EMNLP 2021: Single-dataset Experts for Multi-dataset Question-Answering

Last update: Jul 18, 2022

Related tags

Overview

MADE (Multi-Adapter Dataset Experts)

This repository contains the implementation of MADE (Multi-adapter dataset experts), which is described in the paper Single-dataset Experts for Multi-dataset Question Answering.

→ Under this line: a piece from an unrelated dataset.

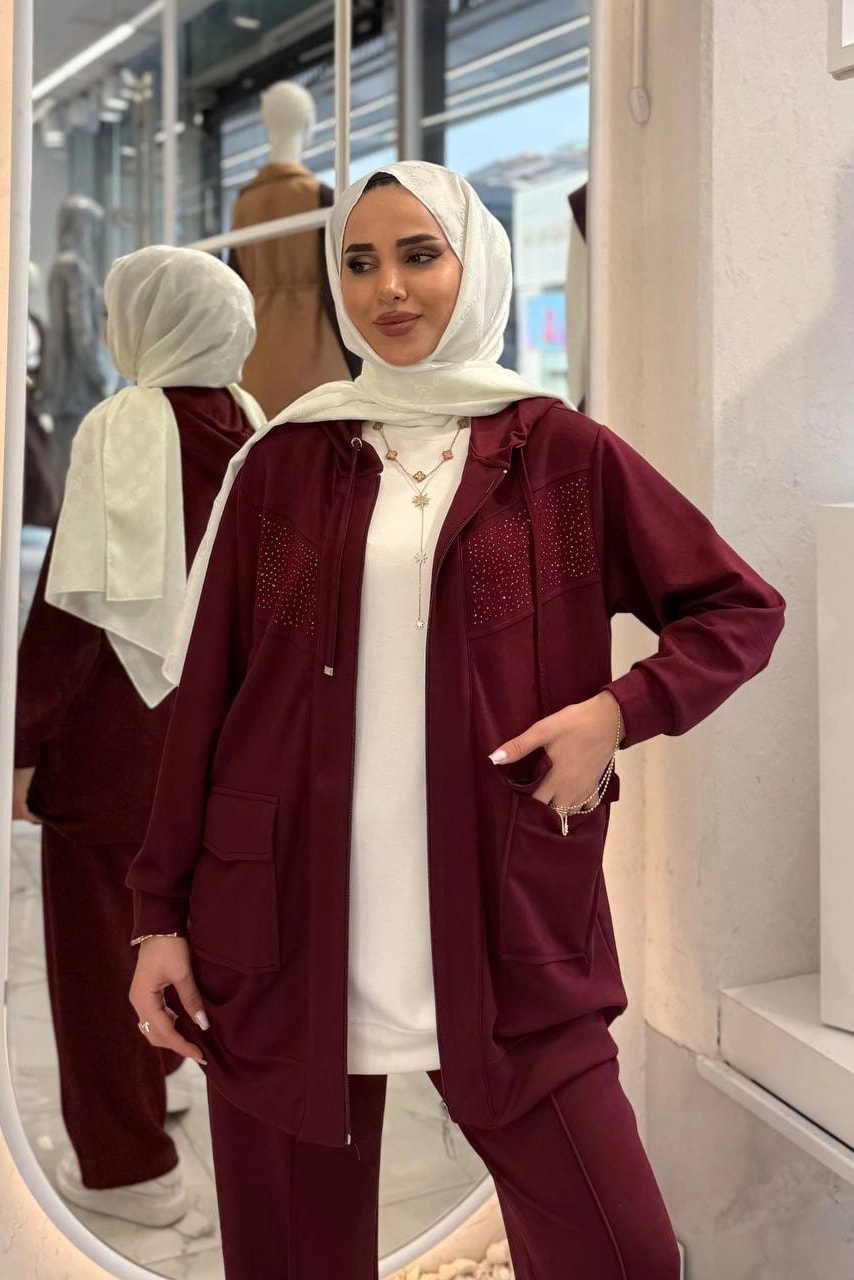 Toptan Oysho Kumaş Taş Baskılı Fermuarlı İkili Takım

MADE combines a shared Transformer with a collection of adapters that are specialized to different reading comprehension datasets. See our paper for details.

Quick links

Requirements
Download the data
Download trained models
Run the model
- Train
- Evaluate
- Transfer
Bugs or questions?
Citation

Requirements

The code uses Python 3.8, PyTorch, and the adapter-transformers library. Install the requirements with:

pip install -r requirements.txt

Download the data

You can download the datasets used in the paper from the repository for the MRQA 2019 shared task.

The datasets should be stored in directories ending with train or dev. For example, download the in-domain training datasets to a directory called data/train/ and download the in-domain development datasets to data/dev/.

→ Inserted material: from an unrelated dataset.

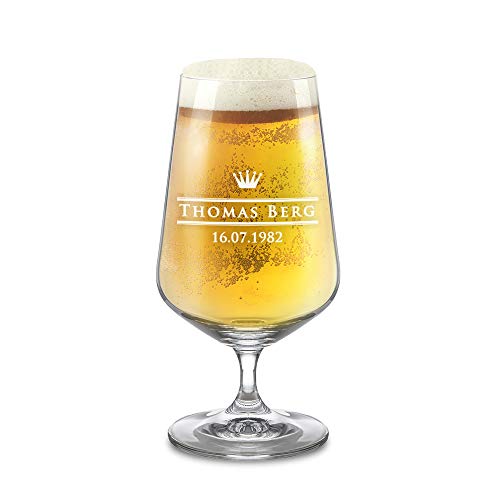 AMAVEL Bierglas mit Gravur, Royal, Personalisiert mit Wunschnamen und Datum, Pilstulpe, Pilsglas für Biertrinker, Füllmenge: 400 ml von AMAVEL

For zero-shot and few-shot experiments, download the MRQA out-of-domain development datasets to a separate directory and split them into training and development splits using scripts/split_datasets.py. For example, download the datasets to data/transfer/ and run

ls data/transfer/* -1 | xargs -l python scripts/split_datasets.py

Use the default random seed (13) to replicate the splits used in the paper.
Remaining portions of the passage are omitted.